Monster galaxy pileup sighted

New Haven, Conn. — Four galaxies are slamming into each other and kicking up billions of stars in one of the largest cosmic smash-ups ever observed.

The clashing galaxies, spotted by NASA's Spitzer Space Telescope and the WIYN Telescope, will eventually merge into a single, behemoth galaxy up to 10 times as massive as our own Milky Way. This rare sighting provides an unprecedented look at how the most massive galaxies in the universe form.

“Most of the galaxy mergers we already knew about are like compact cars crashing together,” said Kenneth Rines of the Harvard-Smithsonian Center for Astrophysics, Cambridge, Mass. “What we have here is like four sand trucks smashing together, flinging sand everywhere.” Rines, who was a Mead postdoctoral fellow at Yale from 2003-6 when much of this work was done, is lead author of a paper accepted for publication in Astrophysical Journal Letters.

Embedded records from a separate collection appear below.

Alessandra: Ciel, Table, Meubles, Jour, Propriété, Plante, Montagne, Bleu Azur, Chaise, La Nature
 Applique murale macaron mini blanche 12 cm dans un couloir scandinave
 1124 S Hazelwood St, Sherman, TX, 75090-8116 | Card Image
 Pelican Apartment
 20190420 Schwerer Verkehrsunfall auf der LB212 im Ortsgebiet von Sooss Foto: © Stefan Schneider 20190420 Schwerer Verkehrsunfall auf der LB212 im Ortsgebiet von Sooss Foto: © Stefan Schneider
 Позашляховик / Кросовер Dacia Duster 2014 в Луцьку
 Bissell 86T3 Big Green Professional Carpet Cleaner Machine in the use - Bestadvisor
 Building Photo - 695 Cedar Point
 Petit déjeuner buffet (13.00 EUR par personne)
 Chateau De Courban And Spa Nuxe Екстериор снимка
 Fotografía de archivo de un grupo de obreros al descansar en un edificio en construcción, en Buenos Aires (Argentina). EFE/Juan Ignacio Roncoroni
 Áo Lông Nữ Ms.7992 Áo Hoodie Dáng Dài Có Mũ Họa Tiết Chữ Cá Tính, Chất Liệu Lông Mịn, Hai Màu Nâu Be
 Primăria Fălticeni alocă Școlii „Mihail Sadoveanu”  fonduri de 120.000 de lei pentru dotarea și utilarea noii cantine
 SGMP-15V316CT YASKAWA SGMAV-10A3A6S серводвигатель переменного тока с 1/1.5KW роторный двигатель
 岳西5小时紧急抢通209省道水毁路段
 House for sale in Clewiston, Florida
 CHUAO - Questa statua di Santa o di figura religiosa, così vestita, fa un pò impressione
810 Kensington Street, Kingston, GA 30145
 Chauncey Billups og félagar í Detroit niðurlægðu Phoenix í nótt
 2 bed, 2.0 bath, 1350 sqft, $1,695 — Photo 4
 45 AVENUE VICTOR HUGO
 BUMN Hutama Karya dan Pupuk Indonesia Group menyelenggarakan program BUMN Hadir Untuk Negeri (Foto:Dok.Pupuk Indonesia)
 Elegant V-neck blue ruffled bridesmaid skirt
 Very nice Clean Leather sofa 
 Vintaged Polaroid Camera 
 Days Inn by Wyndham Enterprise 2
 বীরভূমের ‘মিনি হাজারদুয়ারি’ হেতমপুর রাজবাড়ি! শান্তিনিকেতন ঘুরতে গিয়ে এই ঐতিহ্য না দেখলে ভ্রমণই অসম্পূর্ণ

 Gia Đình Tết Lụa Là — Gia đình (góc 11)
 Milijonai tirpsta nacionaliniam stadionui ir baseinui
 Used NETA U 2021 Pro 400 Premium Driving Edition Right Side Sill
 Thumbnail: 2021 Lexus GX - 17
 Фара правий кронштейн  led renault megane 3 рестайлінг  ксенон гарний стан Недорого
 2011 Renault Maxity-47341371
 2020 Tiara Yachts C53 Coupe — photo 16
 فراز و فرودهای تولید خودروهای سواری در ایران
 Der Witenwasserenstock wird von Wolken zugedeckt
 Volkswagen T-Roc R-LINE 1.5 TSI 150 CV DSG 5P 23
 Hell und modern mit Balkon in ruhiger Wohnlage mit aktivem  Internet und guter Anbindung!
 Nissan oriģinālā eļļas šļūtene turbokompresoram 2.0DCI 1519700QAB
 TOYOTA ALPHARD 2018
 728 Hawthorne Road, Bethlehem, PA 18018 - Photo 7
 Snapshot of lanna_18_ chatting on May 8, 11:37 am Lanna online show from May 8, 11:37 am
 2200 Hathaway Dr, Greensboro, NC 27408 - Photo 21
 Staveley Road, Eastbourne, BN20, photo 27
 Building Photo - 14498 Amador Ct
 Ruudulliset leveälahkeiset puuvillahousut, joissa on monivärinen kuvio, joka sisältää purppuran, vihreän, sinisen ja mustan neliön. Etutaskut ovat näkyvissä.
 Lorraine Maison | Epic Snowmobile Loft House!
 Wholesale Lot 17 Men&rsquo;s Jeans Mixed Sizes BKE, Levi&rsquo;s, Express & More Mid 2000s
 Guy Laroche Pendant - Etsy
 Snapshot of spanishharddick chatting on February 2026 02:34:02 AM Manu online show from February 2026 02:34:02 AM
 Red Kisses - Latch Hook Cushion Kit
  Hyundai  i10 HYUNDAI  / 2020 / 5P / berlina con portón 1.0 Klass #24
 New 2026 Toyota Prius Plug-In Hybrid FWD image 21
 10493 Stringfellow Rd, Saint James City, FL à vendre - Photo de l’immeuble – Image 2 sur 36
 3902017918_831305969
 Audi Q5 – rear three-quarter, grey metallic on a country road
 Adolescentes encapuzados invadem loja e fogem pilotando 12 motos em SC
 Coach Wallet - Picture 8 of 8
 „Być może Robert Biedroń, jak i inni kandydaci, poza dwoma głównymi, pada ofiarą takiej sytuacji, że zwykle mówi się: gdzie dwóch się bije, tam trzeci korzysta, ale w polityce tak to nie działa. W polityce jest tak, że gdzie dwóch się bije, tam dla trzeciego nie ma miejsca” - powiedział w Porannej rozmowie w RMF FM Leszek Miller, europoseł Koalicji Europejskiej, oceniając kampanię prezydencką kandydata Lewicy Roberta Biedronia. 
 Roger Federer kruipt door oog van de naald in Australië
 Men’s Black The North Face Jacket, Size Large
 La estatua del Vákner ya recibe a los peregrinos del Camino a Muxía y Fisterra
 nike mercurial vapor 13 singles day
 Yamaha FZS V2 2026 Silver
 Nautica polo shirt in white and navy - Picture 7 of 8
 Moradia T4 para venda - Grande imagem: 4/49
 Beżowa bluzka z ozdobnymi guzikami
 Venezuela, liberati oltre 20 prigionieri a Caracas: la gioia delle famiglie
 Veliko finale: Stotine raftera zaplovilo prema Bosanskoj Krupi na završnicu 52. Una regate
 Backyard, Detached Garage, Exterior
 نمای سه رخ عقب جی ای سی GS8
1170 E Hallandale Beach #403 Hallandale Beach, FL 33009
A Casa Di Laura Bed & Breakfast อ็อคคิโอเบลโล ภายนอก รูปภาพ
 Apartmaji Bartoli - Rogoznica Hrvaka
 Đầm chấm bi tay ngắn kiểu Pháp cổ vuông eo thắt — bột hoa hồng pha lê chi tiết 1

Collisions, or mergers, between galaxies are common in the universe. Gravity causes some galaxies that are close together to tangle and ultimately unite over a period of millions of years. Though stars in merging galaxies are tossed around like sand, they have a lot of space between them and survive the ride. Our Milky Way galaxy will team up with the Andromeda galaxy in five billion years.

Mergers between one big galaxy and several small ones, called minor mergers, are well documented. For example, one of the most elaborate known minor mergers is taking place in the Spiderweb galaxy – a massive galaxy that is catching dozens of small ones in its “web” of gravity. Astronomers have also witnessed “major” mergers among pairs of galaxies that are similar in size. But no major mergers between multiple hefty galaxies – the big rigs of the galaxy world – have been seen until now.

The new quadruple merger was discovered serendipitously during a survey of a distant cluster of galaxies, called CL0958+4702, located nearly five billion light-years away. The telescopes first spotted an unusually large fan-shaped plume of light coming out of a gathering of four blob-shaped, or elliptical, galaxies. Three of the galaxies are about the size of the Milky Way, while the fourth is three times as big.

“The colors from the WIYN and Spitzer data show that the stars are old, but the higher resolution WIYN images show that the light from the disrupted galaxy does not have small-scale structure but is instead smoothly distributed telling us that the galaxies involved in the merger are elliptical rather than spiral galaxies,” said Jeffrey Kenney, professor and chair of Astronomy at Yale.

According to Kenney, WIYN (named for it’s joint ownership by the University of Wisconsin, Indiana University, Yale University, and the National Optical Astronomy Observatory) is one of the best imaging telescopes in the world. “The sharpness of the WIYN images helps show that we are in fact seeing a merger, and what type of galaxies have merged.”

“The WIYN telescope provides some of the sharpest images possible from ground-based telescopes. The WIYN images show that the four galaxies have well-defined cores that have held together during the merger, much like egg yolks stay together longer than egg whites if you "merge" them in a mixing bowl,” said Rines.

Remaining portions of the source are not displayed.